Kripkean anti-descriptivism about proper names has recently come under attack. The attack is not the result of theoretical considerations: a group of philosophers who practice what has come to be known as experimental philosophy, E. Machery, R. Mallon, S. Nichols and S. Stich [MMNS], contend that there is empirical evidence casting doubt on the claim that proper names are not descriptive. MMNS's conclusions and, specially, the method by which they have been reached have, we are told, ‘rudely challenged the way professional philosophers think of themselves’ (Appiah 2007). MMNS argue (2004 and forthcoming) that intuitions as regards how the reference of a proper name is determined vary from culture to culture. Their argument is based on an experiment that compares the intuitions about proper name use of a group of fluent English speakers in Hong Kong with those of a group of non-Chinese American students.

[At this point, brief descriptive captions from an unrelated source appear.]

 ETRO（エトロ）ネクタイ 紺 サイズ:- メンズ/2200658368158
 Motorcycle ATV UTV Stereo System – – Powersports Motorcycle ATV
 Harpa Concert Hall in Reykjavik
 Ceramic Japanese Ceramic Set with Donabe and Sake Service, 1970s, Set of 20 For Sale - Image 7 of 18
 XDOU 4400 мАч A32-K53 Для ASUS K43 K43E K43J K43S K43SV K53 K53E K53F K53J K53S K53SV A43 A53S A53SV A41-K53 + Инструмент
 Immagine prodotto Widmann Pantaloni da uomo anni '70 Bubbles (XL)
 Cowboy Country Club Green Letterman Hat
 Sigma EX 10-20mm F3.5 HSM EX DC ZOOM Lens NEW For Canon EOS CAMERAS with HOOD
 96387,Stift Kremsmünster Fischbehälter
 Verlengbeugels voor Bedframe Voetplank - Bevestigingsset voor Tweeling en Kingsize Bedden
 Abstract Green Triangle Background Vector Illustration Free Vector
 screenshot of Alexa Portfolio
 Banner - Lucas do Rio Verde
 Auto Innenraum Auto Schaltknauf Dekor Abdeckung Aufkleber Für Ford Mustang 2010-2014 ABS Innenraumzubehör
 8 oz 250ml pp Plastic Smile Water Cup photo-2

On the basis of the result MMNS conclude that whereas Westerners are prone to rely on intuitions that match the causal-historical picture proposed originally by Donnellan and Kripke, East Asians appear to be driven by pure old-style descriptivism. It is tempting to conclude that MMNS's results suggest that in some cultures speakers use names according to what is predicted by descriptivist theories, the very same theories that we have been taking as refuted by Kripke. If so, the alleged intuitions that inspire Kripke's stand on proper names are circumscribed to a cultural group, and the theory of reference that emerges from them is not a general theory of reference for proper names. The causal-historical picture is but one way to explain how names connect to their referents and room needs to be made for classical descriptivism.